Record set below:

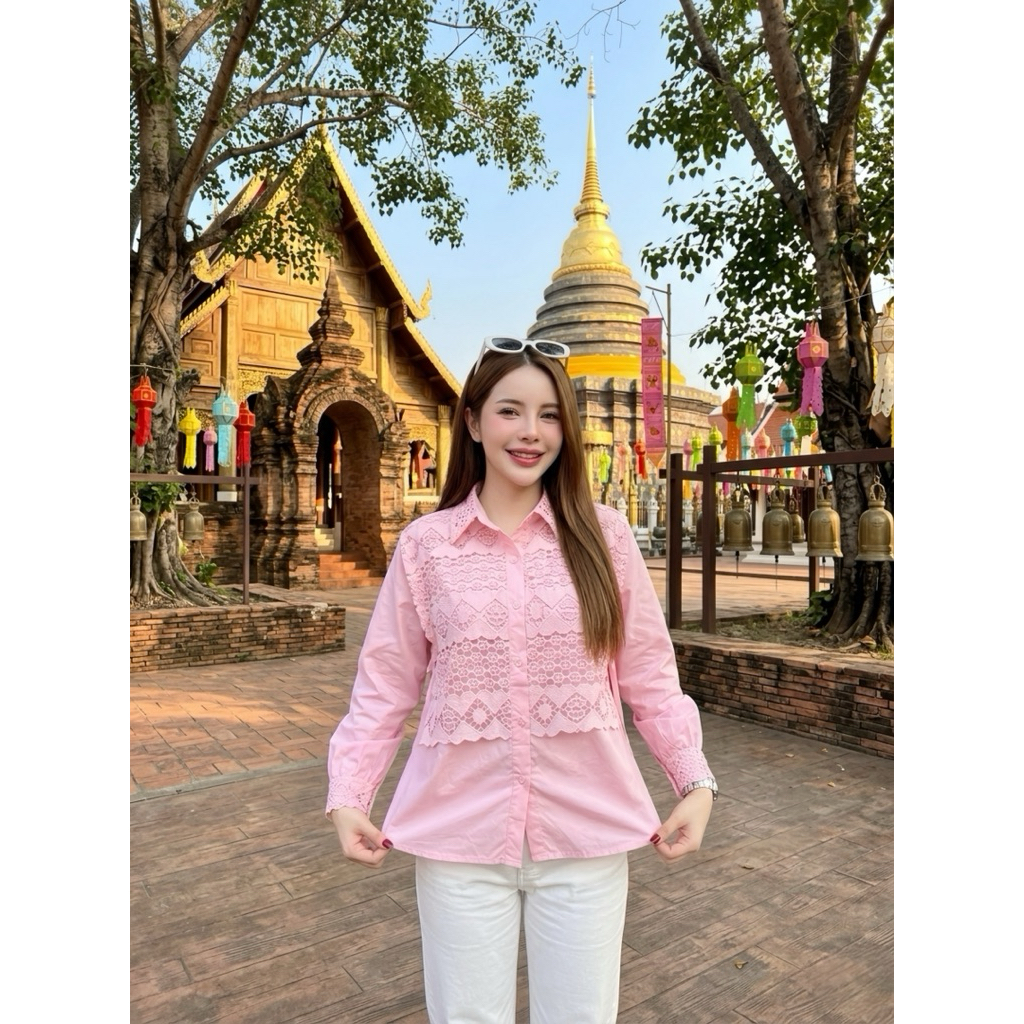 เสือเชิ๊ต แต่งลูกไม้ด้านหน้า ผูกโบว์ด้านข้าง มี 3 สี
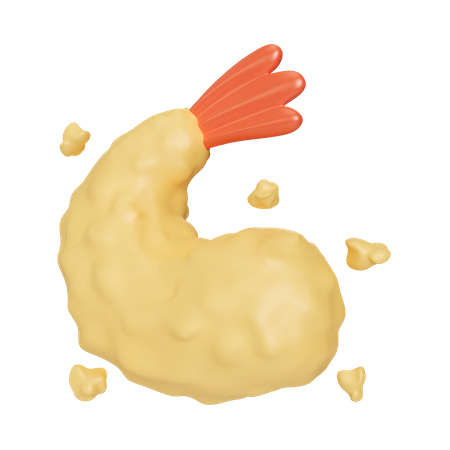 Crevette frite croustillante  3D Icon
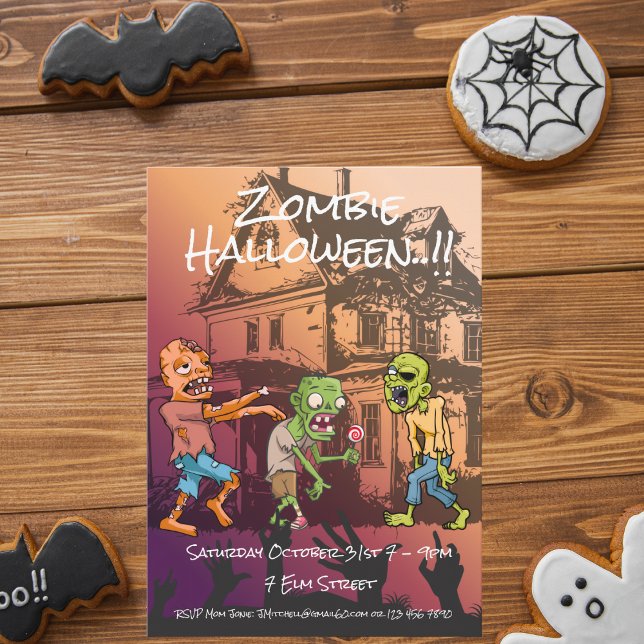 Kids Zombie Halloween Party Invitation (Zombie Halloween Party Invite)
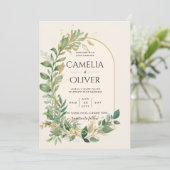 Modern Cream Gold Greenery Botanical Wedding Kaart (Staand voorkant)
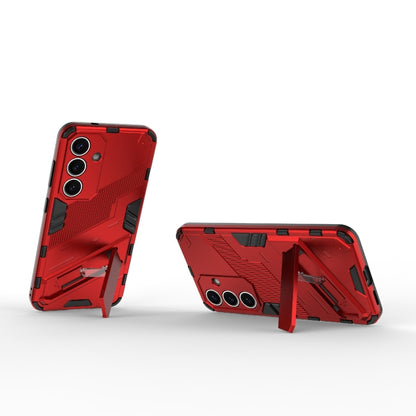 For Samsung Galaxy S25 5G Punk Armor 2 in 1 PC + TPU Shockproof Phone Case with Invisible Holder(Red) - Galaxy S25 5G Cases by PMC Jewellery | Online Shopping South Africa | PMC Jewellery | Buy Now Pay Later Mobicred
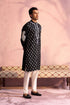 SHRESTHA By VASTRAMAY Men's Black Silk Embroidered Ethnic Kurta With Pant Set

End of Record set.

Without the pictures, give the entries above back exactly.

 เสือเชิ๊ต แต่งลูกไม้ด้านหน้า ผูกโบว์ด้านข้าง มี 3 สี
 Crevette frite croustillante  3D Icon
 Kids Zombie Halloween Party Invitation (Zombie Halloween Party Invite)
 Modern Cream Gold Greenery Botanical Wedding Kaart (Staand voorkant)
 For Samsung Galaxy S25 5G Punk Armor 2 in 1 PC + TPU Shockproof Phone Case with Invisible Holder(Red) - Galaxy S25 5G Cases by PMC Jewellery | Online Shopping South Africa | PMC Jewellery | Buy Now Pay Later Mobicred
 SHRESTHA By VASTRAMAY Men's Black Silk Embroidered Ethnic Kurta With Pant Set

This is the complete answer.